Can I throw my sixpennyworth in?
I no longer work in an office, or for anyone else - hurrah! - but I do remember how awful office politics can be.
In my last company I had an executive role, and we had secretaries who supported 3 or 4 people, so I had to manage my own quarter of a secretary. I had the additional responsibility of managing all the secretarial and support staff in the company. I've also been a secretary, so perhaps can see things from both sides.
Based on bitter personal experience, the first thing I would say, which might sound horribly politically incorrect, is to ask you "what would a man do"?
The reason for that is that men - IME and IMO - are much, much less likely to get involved in the emotions of any office relationship, and they are often much more able to set clear boundaries between work and leisure.

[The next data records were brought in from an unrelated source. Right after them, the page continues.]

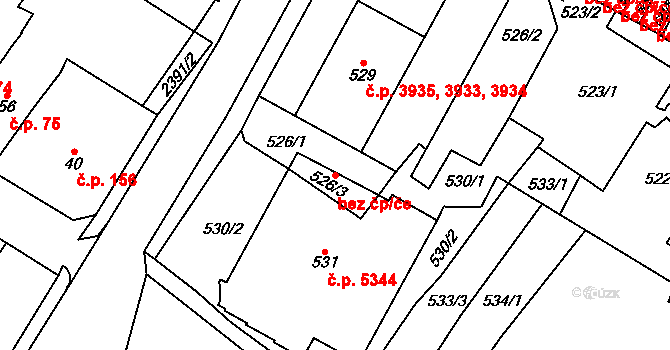 Chomutov 39082393 na parcele st. 526/3 v KÚ Chomutov I, Katastrální mapa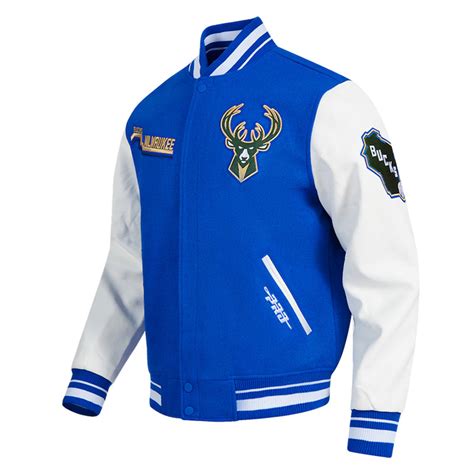 Bluewhite Milwaukee Bucks 202425 City Edition Varsity Jacket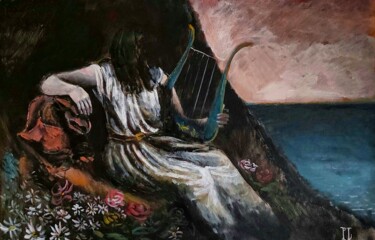 Malerei mit dem Titel "Sappho" von Pierre-Louis Calatayud (PL artwork), Original-Kunstwerk, Acryl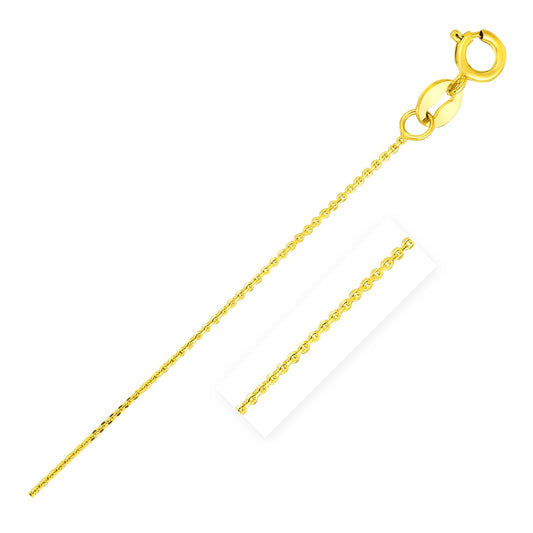 14k Yellow Gold Diamond Cut Cable Link Chain (0.68 mm) - The Best Accessory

Stop worrying about being nice or pleasant to this woman, as she is obviously only using this against you.
Stop confiding in your colleague. He will not help you - indeed he may well make things worse for you.
Be professional, be calm, be clear and above all be fair and consistent.
Make sure that you know what her role/responsiblities are. It may seem trivial, but if it's not her job to type a letter like this, then you are being unfair. (I can't think that this would be the case, but make sure you do know what you can/can't ask her to do for you).
Then do your job and manage her so that she does what you need from her.
If she kicks off, deal with it calmly and make it very clear by the way that you respond that it is she who is being ridiculous. Shouting at you in the middle of the office is childish and immature. But how did you handle it? Did you get drawn in? Did you respond? Or did you say something like "when you have finished, perhaps you would like to come into my office and tell me what is wrong?" i.e. being cool and superior, without getting involved.
You don't have to be liked to get on in an organisation - but somehow we always want to be liked. It is a very human need.
But we do need to be respected. Which is why knowing what her role allows/does not cover is vital - along with appropriate communication.
Don't go to HR with this as this will give them evidence that it is you who can't behave as a manager.
Sorry if this sounds harsh, but I think you have allowed emotions and feelings to cloud what should be a very simple part of the office dynamic.